Payge McMahon writes about her 221 mile adventure, backpacking The John Muir Trail in California, for Osprey Packs.
Direct Article Link: Osprey Packs – Hiking the John Muir Trail by Payge McMahon
The John Muir Trail
- Aura or Ariel 65
I’ve backpacked all over the world and the JMT is my all time favorite!
Located in Northern California, this breathtaking trek takes you 221-miles, up and over 11 mountain passes, ranging from 9,703 ft. (Cathedral) to 14,496 (Mt. Whitney), for a total of a total of 84,000 feet of elevation gains and losses.
If you’ve ever wanted to trek the Pacific Crest Trail, but thought 2,650 miles was just a bit much, do the John Muir Trail instead! A 170 of the 221 miles are on the PCT and you will trek through the most beautiful national parks in the United States. From Yosemite Valley, the John Muir and Ansel Adams Wildernesses, Kings Canyon, Sequoia National Parks and up and over Mt. Whitney to Lone Pine, CA. Enjoy remote the wilderness from; rivers, blue lakes, waterfalls, forests, mountains, deer, marmots to the occasional bear – you will see it all.
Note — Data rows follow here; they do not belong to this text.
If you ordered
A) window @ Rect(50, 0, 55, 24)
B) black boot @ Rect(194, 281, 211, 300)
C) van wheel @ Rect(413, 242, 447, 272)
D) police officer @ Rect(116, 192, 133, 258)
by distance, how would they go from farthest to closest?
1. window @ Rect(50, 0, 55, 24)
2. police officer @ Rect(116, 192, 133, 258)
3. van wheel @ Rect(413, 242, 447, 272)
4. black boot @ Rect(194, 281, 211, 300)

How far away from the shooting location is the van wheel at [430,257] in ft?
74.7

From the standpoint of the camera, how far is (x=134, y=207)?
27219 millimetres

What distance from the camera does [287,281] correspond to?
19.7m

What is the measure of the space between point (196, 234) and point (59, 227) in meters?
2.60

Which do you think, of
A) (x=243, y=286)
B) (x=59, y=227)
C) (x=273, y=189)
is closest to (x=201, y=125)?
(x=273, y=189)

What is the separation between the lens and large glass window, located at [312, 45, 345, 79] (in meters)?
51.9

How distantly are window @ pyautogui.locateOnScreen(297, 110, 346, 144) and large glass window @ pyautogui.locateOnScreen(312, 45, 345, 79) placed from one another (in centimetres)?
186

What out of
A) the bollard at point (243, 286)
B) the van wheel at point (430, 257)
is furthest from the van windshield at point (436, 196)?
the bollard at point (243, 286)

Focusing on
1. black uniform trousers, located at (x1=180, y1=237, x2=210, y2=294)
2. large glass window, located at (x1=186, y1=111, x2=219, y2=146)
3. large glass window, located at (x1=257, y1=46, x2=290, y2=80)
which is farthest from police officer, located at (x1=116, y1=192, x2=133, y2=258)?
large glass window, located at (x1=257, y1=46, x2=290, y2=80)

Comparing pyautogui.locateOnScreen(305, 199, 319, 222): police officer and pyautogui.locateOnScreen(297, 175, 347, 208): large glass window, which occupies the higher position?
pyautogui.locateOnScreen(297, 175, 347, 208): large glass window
The best time to go is from June – August. The trek is traditionally done in 14-21 days, and if preferred, can also be section hiked. Most start in Yosemite and go south, but if you want to get the hard elevation out of the way first, start in Lone Pine/Mt. Whitney and go north. Get your permits early, pack clothes for hot to freezing weather and plan your food wisely.
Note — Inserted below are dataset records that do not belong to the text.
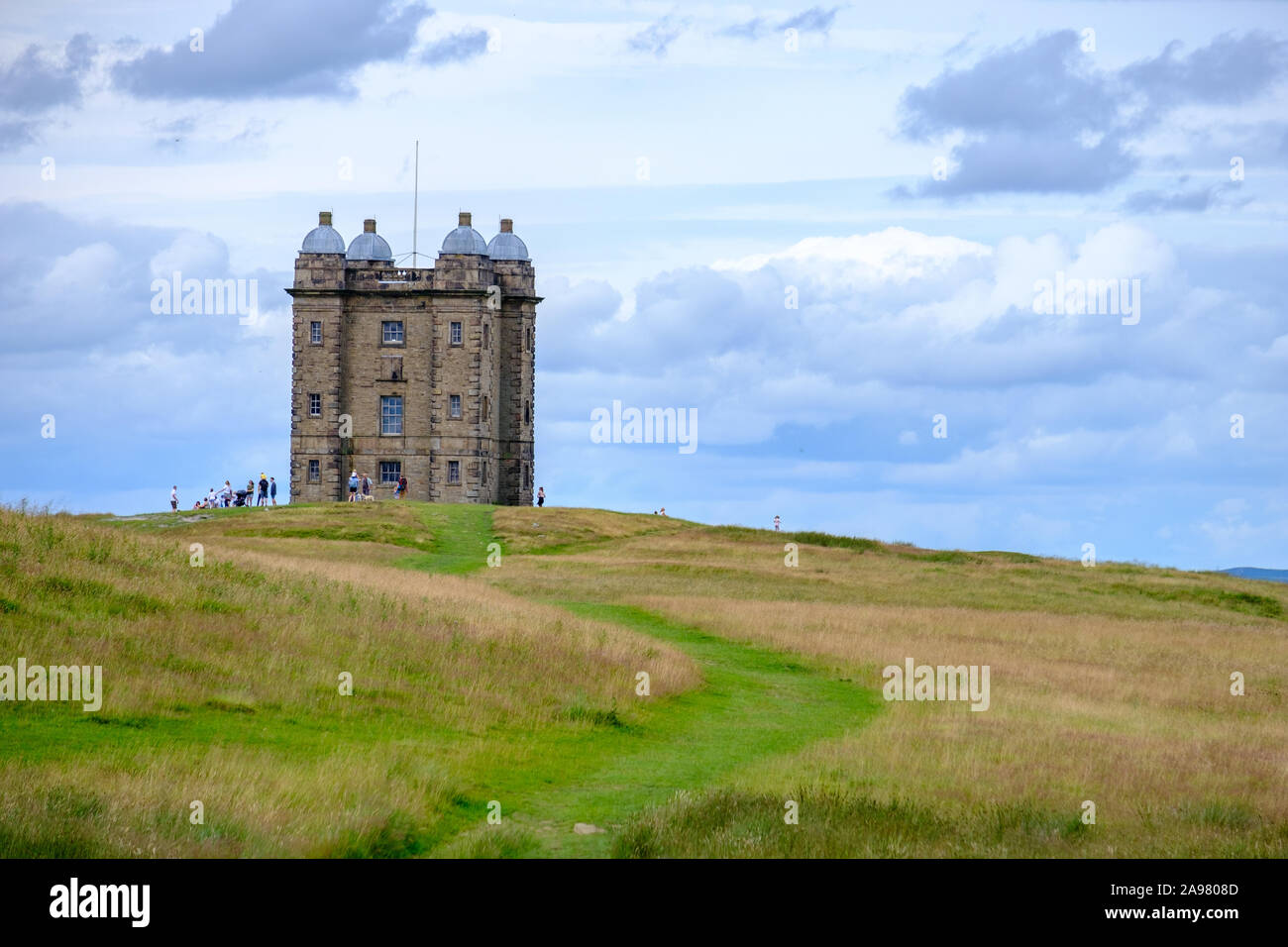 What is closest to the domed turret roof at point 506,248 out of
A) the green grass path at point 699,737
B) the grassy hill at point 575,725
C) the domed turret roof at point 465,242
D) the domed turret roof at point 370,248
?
the domed turret roof at point 465,242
My hiking partner and I packed food for 10 days and each of our packs weighed about 45 lbs. we when started.
(Divided between 2 backpacks)
|1 – Bear Vault2 – Sleeping Bag +15F2 – Silk Sleep Liner2- Thermarest Neo-Air Sleeping Pad
1 – Tent
2 – Poncho
2 – Sarong (towel)
1 – Camera & Cell Phone with chargers
1 – SteriPEN
1 – Esbit Stove (+12 Fuel Cells)
1 – BHK Knife & Ferro Rod
1 – Lighter
2 – Spork
1 – Titanium Cup w/ Tin Foil
2 – Wet wipes
1 – Paracord
2 – 1.5L Camelback Hydration Bladder
2 – Liter Bottle
2 – Sets of Trekking Poles
|1 – Journal1 – JMT Trail Book w/ Maps2- Convertible pants, tank or short sleeve top, long-sleeve shirt & fleece2 – Base layer (top/bottoms)
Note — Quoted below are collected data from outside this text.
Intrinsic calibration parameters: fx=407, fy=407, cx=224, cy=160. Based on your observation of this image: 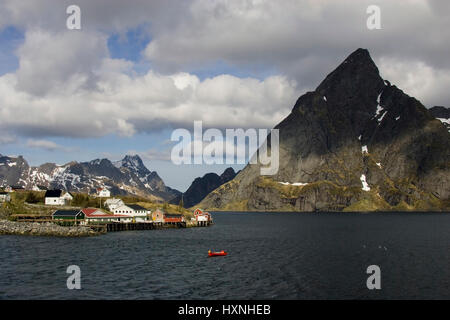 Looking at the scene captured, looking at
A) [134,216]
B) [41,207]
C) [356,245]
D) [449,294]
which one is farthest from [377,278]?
[41,207]

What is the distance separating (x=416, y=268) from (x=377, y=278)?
1345cm

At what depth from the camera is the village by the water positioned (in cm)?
12119

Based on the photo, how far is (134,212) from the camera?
16312 cm

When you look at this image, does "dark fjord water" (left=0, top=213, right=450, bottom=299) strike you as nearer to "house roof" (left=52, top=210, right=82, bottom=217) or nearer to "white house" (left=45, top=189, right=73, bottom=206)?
"house roof" (left=52, top=210, right=82, bottom=217)

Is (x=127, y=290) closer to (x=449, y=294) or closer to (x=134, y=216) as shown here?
(x=449, y=294)

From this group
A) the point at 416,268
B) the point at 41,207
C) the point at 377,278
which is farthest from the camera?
the point at 41,207

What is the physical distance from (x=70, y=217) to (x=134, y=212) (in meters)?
30.5

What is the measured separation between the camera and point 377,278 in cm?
5962

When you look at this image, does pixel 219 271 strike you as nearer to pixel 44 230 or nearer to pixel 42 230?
pixel 44 230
6 – Pairs of socks & Handkerchiefs
1- Sports Bra
2 – Soft Shell Jacket, Fleece Gloves, Hat & Visor
2 – Flip Flops
2 – Hiking shoes
10 – Mountain House Dehydrated Meals
2 – Packs of Tortillas
1 – Jar of Goobers (Peanut butter/Jelly mix)
20 – Cliff Bars & Granola Bars
20 – Fruit Wraps
1 – Bag of Trail Mix
There are a few places along the trail to resupply. You can buy food and mail provisions ahead of time to the general stores. Or you can opt to ‘scavenge,’ like we did. Many hikers mail themselves too much food and ‘donate’ what they don’t want to carry, in big barrels outside the resupply locations. These barrels are great! ‘Scavenge’ through the donated dehydrated meals, peanut butter, beef jerky etc., take what you want for free and save yourself money!
Best guidebook: “The John Muir Trail: Through the Californian Sierra Nevada (Cicerone Guide),” by Alan Castle.
Best Place for stop and resupply: Vermillion Valley Resort
While the term, ‘resort’ is being used loosely; this place is a backpackers’ oasis, located in the forest, on the west end of Lake Edison, at about the half-way point on the JMT. The VVR has a general store and rustic restaurant, where you have got to try the barbeque bacon cheeseburger. You’ll swear it is the best thing you’ve ever eaten!
Jim, the owner is helpful, friendly and so are the folks who work there. Showers and a washer are available to do laundry, and you can camp on the grounds or splurge a little and stay in one of the basic hotel rooms or even more nostalgic, one of the musty, trailers on-site. Cell phone reception is unlikely and electricity comes from a generator. At 9pm its lights out until 7 am the next day.